I should have completely soaked her.......
I should have brought her in for the vet visit instead 
of Paco a couple weeks ago............
All this had been lifted as I left there with an overwhelming 
sense of peace and forgiveness.
Will there be another Golden in my future ?
I certainly hope so. Paco misses his sister terribly.
I also need a real full time job again so that a new 
family member can be affordable.
Right now it looks as though we will be at Goldstock.
Some ashes will be presented to the lake.

My First Golden, My girl, My baby, My Piper.

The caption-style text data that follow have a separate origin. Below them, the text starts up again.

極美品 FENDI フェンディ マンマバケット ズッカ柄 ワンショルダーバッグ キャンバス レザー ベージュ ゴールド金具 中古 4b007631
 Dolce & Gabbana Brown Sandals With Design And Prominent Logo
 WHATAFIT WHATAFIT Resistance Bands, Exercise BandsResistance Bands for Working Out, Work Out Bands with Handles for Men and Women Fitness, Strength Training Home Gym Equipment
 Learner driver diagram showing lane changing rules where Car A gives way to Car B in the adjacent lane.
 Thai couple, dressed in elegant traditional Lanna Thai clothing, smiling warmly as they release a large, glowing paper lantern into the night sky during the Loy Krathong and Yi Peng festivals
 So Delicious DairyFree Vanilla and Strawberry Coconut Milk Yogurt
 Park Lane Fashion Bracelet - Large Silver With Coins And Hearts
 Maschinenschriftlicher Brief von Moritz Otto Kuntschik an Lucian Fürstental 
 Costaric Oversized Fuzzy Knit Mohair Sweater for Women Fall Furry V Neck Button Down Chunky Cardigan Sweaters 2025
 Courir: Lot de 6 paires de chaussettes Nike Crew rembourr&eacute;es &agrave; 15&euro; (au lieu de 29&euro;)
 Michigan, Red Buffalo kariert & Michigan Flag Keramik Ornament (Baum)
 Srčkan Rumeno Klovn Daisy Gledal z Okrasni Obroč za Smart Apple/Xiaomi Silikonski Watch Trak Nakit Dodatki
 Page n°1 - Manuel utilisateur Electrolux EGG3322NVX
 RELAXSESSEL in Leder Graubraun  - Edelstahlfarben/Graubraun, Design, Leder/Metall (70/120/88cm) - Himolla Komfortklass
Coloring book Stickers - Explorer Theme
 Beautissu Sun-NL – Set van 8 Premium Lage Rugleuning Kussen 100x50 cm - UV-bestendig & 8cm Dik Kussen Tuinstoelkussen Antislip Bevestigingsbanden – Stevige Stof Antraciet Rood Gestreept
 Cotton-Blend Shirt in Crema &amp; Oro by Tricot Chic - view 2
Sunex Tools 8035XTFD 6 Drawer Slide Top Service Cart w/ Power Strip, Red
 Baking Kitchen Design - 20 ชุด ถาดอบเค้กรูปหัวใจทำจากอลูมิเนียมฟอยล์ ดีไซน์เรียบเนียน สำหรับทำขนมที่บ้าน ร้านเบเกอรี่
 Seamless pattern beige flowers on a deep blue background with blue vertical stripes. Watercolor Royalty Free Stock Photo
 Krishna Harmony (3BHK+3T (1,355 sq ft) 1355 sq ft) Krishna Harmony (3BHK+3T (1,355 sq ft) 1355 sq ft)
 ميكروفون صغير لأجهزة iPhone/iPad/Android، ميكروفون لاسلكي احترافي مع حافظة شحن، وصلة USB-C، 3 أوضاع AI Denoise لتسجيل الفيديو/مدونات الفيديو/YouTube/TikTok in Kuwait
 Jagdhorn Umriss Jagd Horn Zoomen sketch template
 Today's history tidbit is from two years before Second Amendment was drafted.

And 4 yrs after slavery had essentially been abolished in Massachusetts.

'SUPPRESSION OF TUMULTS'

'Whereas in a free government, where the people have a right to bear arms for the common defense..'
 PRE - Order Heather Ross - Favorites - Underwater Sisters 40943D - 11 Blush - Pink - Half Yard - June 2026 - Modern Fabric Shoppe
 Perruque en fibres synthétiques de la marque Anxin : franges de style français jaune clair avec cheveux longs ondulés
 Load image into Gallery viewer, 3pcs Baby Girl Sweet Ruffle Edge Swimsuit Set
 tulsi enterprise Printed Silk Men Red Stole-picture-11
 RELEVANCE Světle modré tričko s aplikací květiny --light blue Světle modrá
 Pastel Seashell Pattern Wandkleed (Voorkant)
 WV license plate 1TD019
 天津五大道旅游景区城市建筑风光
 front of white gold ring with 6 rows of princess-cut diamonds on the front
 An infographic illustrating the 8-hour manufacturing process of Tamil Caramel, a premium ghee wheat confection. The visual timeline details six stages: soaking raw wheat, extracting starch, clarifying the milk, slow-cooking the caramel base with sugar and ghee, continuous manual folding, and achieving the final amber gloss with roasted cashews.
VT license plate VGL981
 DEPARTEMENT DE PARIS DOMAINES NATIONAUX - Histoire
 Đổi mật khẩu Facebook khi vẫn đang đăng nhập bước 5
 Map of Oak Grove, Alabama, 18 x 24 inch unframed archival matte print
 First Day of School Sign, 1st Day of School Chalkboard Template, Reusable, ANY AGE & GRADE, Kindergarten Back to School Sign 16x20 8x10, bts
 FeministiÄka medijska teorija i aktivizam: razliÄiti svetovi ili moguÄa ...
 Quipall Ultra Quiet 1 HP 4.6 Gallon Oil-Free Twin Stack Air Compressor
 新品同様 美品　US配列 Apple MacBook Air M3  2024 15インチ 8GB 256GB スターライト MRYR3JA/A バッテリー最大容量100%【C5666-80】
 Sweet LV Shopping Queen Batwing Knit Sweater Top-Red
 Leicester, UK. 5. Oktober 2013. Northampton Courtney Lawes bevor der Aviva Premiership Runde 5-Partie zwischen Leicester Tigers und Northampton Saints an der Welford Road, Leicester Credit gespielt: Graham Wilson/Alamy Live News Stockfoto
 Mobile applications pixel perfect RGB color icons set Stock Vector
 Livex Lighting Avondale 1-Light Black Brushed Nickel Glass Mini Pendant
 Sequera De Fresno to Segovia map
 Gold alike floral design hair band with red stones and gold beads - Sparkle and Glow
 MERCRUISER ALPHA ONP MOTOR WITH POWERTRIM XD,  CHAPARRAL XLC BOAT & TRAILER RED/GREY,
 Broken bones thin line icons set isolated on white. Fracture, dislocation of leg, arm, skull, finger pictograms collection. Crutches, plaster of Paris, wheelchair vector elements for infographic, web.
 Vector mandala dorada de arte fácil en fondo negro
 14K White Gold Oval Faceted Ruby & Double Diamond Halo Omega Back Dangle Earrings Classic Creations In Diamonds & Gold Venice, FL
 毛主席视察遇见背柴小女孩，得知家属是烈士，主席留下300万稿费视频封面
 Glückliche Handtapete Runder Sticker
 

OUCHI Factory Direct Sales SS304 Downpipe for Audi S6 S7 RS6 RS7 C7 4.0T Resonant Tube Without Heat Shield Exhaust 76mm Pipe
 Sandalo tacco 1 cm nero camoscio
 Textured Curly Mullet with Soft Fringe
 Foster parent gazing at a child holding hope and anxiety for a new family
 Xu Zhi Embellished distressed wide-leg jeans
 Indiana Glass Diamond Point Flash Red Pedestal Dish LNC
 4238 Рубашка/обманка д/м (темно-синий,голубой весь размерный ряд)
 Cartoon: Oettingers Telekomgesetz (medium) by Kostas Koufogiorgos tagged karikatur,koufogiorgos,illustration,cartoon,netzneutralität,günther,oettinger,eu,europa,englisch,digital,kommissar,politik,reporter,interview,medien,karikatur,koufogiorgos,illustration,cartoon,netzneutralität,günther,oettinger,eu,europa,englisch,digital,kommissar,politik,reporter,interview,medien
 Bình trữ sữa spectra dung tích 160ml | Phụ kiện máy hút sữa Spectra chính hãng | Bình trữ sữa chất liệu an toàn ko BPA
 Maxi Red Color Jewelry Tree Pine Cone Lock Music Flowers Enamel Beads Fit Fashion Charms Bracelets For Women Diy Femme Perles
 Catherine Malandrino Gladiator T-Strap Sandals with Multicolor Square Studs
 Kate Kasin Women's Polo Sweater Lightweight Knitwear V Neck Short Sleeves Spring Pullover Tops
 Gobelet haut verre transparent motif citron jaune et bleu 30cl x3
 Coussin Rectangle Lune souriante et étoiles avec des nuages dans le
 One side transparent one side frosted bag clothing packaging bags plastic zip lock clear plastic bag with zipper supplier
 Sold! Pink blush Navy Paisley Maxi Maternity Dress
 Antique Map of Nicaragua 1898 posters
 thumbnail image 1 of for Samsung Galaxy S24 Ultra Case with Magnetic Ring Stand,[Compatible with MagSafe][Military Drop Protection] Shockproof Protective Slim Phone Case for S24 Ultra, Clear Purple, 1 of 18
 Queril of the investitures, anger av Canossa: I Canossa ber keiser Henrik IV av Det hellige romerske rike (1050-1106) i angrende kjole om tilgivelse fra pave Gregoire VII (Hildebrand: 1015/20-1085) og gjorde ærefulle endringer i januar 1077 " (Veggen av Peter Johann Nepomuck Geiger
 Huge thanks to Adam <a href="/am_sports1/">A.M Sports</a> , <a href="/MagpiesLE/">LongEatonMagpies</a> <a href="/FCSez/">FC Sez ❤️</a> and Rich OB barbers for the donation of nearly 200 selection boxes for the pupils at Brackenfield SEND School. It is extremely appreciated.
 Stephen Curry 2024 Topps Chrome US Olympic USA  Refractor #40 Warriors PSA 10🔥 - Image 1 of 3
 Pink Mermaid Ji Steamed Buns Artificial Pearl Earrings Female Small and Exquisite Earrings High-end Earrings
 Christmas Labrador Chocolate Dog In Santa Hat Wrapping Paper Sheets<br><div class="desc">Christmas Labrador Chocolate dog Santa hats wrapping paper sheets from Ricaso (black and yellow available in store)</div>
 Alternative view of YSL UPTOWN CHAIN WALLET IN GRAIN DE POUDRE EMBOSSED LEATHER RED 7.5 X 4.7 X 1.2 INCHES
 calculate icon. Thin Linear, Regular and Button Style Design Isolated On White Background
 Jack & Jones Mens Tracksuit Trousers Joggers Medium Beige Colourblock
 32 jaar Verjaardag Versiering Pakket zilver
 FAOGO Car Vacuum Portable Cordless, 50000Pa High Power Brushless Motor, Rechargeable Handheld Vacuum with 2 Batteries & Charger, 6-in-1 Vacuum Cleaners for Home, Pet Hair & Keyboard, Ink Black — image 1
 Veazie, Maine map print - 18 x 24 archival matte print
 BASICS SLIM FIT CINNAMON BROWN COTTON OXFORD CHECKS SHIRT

We'll meet again around the bend.

Piper's memorial video is at 
Zenfolio | NosePrint Pet Furtography | Videos | Video 1

I'm also on FaceBook as Bill Reyna


----------



## mylissyk (Feb 25, 2007)

I'm so sorry for her loss Bill.


----------



## Karen519 (Aug 21, 2006)

*Piper*



WLR said:


> I haven't been around that much anymore as life takes you in different directions. I know many of you enjoyed "The Piper Chronicles", real life stories of how Piper terrorized me especially the first 2 years I had her.
> But those are now just pleasant memories of a wonderful Golden who walked with me through the dark times of unemployment and failed job applications.........a Golden who actually changed my life.
> =============================================
> It is with a sadness and loss that I have never experienced before that I report the passing of my Piper on 8/10.
> ...


Bill: What you wrote about your sweet Baby Girl, Piper, is so beautiful! My Smooch and Snobear will take care of her. The vet is right, there is nothing you could have done. You have such a special love, I hope you do love another Golden. I know what it's like to have lost your job.
http://www.goldenretrieverforum.com...ainbow-bridge-list-2015-a-11.html#post6010250


----------



## ssacres (Sep 29, 2012)

I know it's heartbreaking when we have to say goodbye. I am so sorry for your loss.


----------



## Tahnee GR (Aug 26, 2006)

I am so very sorry for your loss. It is always hard but especially hard when they are so young.


----------



## rabernet (Feb 24, 2015)

I am so very sorry for your heartbreaking loss. I didn't get to know her before, but I see she was so loved!


----------



## CAROLINA MOM (May 12, 2009)

I'm so sorry for your loss of Piper, what a beautiful girl. 
My heart goes out to you, I know how much she was loved and will be missed. 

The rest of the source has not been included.